#### [WORK INSTRUCTION]
Within the lines below, find those that hold the string "Card" and copy each one.

#### [MATERIAL TO PROCESS]
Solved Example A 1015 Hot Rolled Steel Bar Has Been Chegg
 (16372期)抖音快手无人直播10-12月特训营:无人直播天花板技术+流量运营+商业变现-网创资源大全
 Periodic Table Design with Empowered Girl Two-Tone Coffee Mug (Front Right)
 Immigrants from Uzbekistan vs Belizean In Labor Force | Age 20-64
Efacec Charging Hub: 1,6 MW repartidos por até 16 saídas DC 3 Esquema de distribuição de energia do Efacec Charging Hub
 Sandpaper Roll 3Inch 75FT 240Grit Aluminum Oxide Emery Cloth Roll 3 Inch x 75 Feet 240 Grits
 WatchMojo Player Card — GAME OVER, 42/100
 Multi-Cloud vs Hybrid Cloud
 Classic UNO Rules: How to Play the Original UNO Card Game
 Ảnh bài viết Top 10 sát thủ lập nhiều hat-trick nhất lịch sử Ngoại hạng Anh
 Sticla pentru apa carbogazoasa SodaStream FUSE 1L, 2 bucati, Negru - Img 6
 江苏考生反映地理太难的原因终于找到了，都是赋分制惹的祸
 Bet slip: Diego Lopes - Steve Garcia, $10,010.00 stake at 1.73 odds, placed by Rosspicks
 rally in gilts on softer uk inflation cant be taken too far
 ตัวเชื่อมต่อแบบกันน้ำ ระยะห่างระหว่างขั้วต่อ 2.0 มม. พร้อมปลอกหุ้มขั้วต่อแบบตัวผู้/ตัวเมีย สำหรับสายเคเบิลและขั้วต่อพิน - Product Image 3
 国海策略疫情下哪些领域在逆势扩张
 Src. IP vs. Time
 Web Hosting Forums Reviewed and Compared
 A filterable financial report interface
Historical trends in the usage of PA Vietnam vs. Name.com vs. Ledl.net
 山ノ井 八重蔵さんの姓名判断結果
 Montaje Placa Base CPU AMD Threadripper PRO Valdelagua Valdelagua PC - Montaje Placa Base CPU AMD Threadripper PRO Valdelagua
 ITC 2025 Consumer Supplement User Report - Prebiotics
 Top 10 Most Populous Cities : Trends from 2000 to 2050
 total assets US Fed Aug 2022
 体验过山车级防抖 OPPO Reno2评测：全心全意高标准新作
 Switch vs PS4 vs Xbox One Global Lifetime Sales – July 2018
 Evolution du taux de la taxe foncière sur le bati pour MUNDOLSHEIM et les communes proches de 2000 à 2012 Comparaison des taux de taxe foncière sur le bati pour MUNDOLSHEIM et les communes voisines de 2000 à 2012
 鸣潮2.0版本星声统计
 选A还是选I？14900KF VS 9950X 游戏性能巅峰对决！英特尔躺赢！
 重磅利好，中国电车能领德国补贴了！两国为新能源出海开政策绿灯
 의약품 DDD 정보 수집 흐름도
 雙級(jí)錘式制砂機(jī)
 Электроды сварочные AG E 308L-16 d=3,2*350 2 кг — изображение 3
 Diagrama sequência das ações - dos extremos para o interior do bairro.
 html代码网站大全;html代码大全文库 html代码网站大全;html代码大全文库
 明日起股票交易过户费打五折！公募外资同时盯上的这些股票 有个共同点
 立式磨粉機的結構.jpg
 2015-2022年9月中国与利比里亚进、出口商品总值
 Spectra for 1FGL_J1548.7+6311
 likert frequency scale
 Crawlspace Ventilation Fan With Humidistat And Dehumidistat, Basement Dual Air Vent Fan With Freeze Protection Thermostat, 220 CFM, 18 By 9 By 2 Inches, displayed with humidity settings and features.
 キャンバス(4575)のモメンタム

#### [SOLVED EXERCISE]
 WatchMojo Player Card — GAME OVER, 42/100
 Classic UNO Rules: How to Play the Original UNO Card Game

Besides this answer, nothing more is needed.